For Teachers: If you are teaching in a studio that allows people to come in late, ask them to wait until you are out of your opening relaxation posture (if that is your style) or find a natural break once the theme has been woven to let people come in. I will give the lovely desk person a short window that people are allowed into the room- only if there is ample space and it won't cause a commotion. Hard line? Maybe, but it is studio policy where I teach to not let latecomers in and I try to adhere to it.
For Students: Why do you people want to make your teachers cry? If you are going to a public class, be respectful and arrive 10-15 min early. Rushing to relax is silly. Give yourself the space to settle in and account for any delays on your trip. If you are late for class for a really good reason and the teacher is open to you coming in. Be mindful and QUIET as you set up. I am Canadian and it never hurts to apologize :)
2) "I am going to do whatever I want in class."

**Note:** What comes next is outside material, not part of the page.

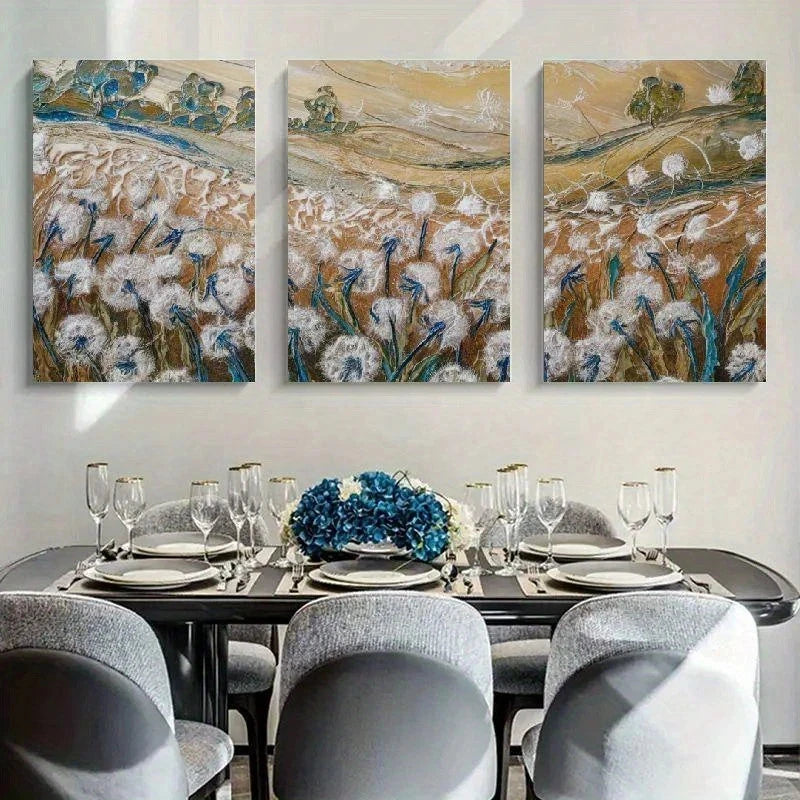 3pcs Blue White & Beige Tones Metal Print Ready to Hang Art - Bella Home Decor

Scenario: Everyone in the room is in a standing flow. But there is one guy or gal rolling around on the floor (could be the same person who came in late). The teacher goes over to make sure everything is alright because even though she asked at the beginning if anyone had an injury- you never know. The offender says they are fine but they would rather do another sequence at the moment. Then guess what, the whole class is in Childs pose ten minutes later and the offender decides to work hand-stand at the wall, crashing away as everyone else is trying to let go.

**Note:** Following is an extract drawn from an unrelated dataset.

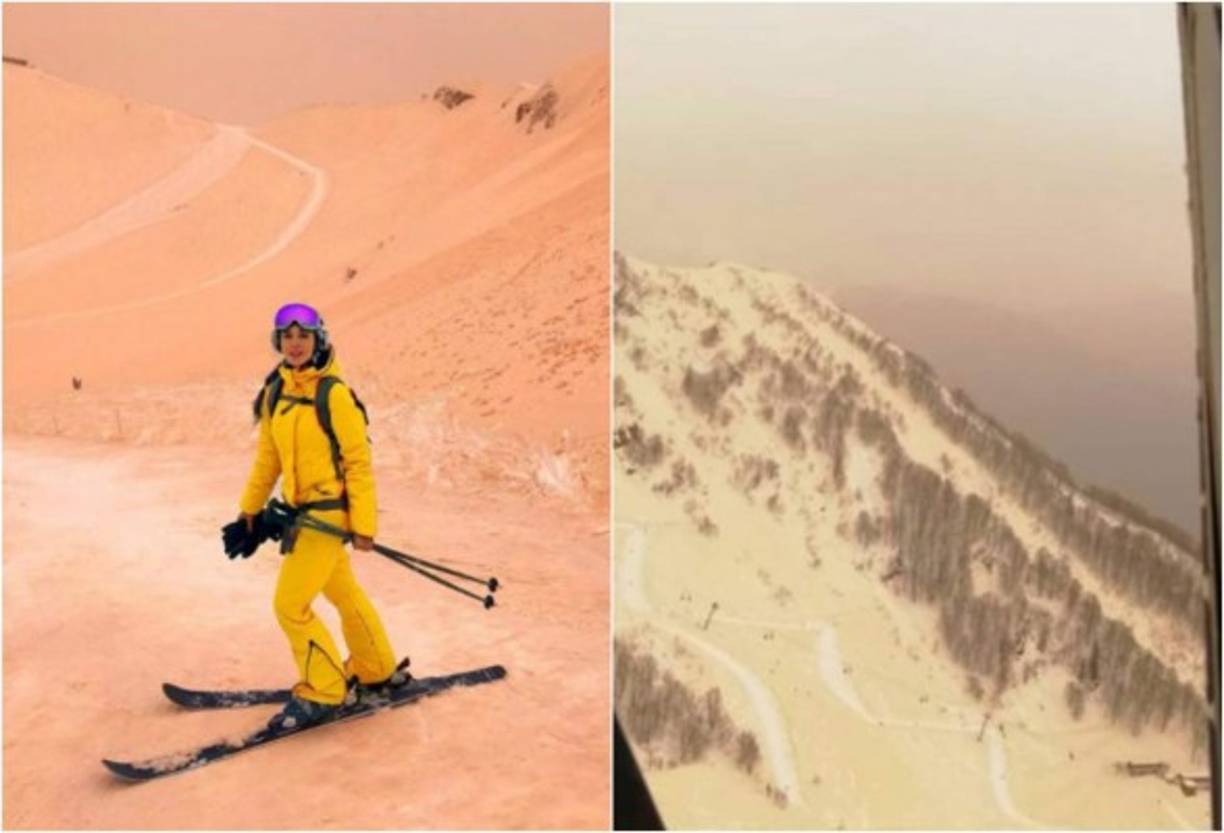 Las nevadas montañas de Sochi, en el sur de Rusia, se han teñido de naranja tras caer una nevada traída por un frente cargado de partículas de arenas del desierto del Sahara, en el norte de África.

For Teachers: When this happens in my class, I wonder if I am being mystery shopped by a hilarious Cosmic tester. Gently asking the person to stay with the group is usually enough if the person is a conscious human being. They may just be excited that they figured something new out and want to give it a test drive. At other times I have been met with out and out defiance as if I grew horns for asking them to be in union (also known as Yoga) with the person next to them. The bottom line for all teachers is that if a student is doing things that are disruptive or unsafe, you have every right to ask them to leave the class. Losing control of the room opens the door to disaster.
For Students: If you want to do your own practice, that is totally amazing, cool, great, but don't do it in a class with 20 other people. That screams "look at me, look at me" and has the opposite effect. Seriously, other students complain about you. Worse still, is it leads other students to start doing things beyond what the instructor asked, thus leading to chaos. If you are in a class that isn’t challenging enough or isn't a style you gel with, ask for a recommendation for one that is more your speed. Most instructors are happy to help you find the right fit, even if it isn’t in their class.
Thanks for listening to my rant--I feel much better having let that out. :) What are some other things you've seen bad yogis do in class?